_TASK_: Only the lines below between the ones containing "Detail Harga Rumah" and "IRAS 20390+3919", inclusive, are to be reproduced, each exactly as it stands.

_DATA FOR THIS EXERCISE_:
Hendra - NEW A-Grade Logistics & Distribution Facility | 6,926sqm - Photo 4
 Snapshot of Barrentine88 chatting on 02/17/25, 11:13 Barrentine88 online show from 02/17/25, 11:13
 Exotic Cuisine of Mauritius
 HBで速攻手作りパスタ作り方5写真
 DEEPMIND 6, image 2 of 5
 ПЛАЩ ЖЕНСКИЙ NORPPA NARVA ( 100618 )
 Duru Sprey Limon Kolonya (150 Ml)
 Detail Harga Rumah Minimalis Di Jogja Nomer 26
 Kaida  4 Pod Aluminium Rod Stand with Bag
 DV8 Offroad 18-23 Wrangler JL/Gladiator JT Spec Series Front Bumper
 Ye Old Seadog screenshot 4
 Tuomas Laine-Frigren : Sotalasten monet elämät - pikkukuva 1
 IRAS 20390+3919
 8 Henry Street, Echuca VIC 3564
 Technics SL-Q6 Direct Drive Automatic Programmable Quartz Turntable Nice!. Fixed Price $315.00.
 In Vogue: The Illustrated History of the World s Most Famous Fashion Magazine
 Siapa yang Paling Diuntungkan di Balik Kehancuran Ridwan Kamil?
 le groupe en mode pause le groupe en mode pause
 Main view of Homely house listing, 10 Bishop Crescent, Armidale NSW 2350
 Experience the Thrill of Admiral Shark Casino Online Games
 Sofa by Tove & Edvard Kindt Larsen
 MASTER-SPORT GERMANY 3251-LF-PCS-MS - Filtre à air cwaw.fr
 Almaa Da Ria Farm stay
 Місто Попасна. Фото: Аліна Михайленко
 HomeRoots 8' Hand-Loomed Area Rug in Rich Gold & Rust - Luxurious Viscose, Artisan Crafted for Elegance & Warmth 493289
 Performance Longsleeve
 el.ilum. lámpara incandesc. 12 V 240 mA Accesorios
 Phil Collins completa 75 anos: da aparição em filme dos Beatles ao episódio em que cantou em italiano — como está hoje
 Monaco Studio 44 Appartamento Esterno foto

_EXPECTED OUTPUT_:
 Detail Harga Rumah Minimalis Di Jogja Nomer 26
 Kaida  4 Pod Aluminium Rod Stand with Bag
 DV8 Offroad 18-23 Wrangler JL/Gladiator JT Spec Series Front Bumper
 Ye Old Seadog screenshot 4
 Tuomas Laine-Frigren : Sotalasten monet elämät - pikkukuva 1
 IRAS 20390+3919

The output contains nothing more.